Kusnali menjelaskan bahwa Setya Novanto masih wajib lapor setiap sebulan sekali hingga 1 April 2029.
"Dari situ baru bebas murni sekarang masih wajib lapor," ujar Kusnali.
Kondisi Setya Novanto
Adapun terkait masa penahanan Setya Novanto, Kusnali menjelaskan bahwa mantan Ketua Umum Partai Golkar itu semula divonis 15 tahun penjara setelah upaya hukum Peninjauan Kembali (PK) perkaranya dikabulkan Mahkamah Agung (MA) pada 4 Juni 2025. Hukuman Setya Novanto itu akhirnya berkurang menjadi 12 tahun 6 bulan.
“Berdasarkan perhitungan dari 12 tahun 6 bulan tersebut, beliau mendapatkan pembebasan bersyarat 29 Mei 2025. Dan beliau sudah pelaksanaan pembebasan bersyarat di tanggal 16 Agustus 2025,” kata dia.

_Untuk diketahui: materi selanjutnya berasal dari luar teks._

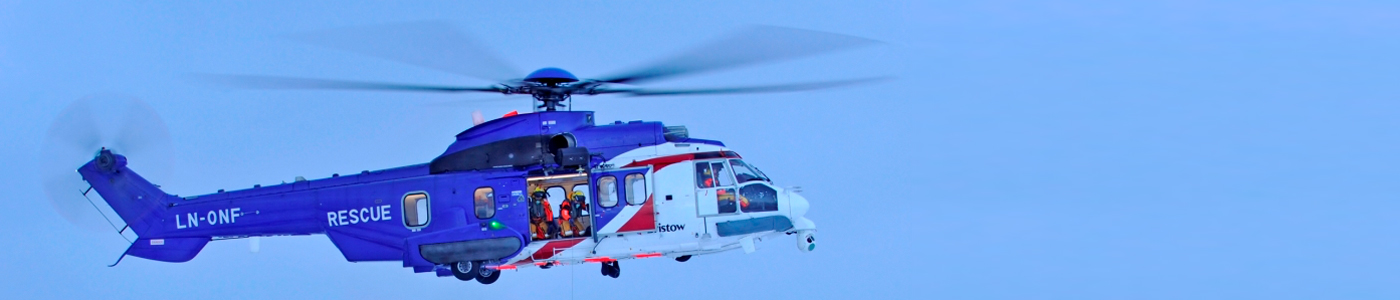 Bristow Norway Flygerforening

Dalam amar putusan PK, Kusnali menjelaskan, selain pengurangan hukuman menjadi 12 tahun 6 bulan, Setya Novanto juga perlu membayarkan denda Rp500 juta subsider 5 bulan kurungan. Selain itu, Setya Novanto juga mesti membayar uang pengganti Rp49 miliar sehingga sudah bisa melaksanakan pembebasan bersyarat yang dilaksanakan 16 Agustus 2025.
“Masih bebas bersyarat, masih kewajiban untuk lapor setiap sebulan sekali. Sampai dengan masa percobaan sampai 1 April tahun 2029,” kata Kusnali.
Di singgung apakah Setya Novanto juga termasuk ke dalam daftar warga binaan mendapatkan remisi kemerdekaan, Kusnali bilang tidak. Sebab, Setya Novanto keluar sebelum tanggal 17 Agustus.
Adapun soal kondisi Setya Novanto saat keluar dari lembaga pemasyarakatan sehat.
“Kondisi sehat. Alhamdulillah,” tandasnya.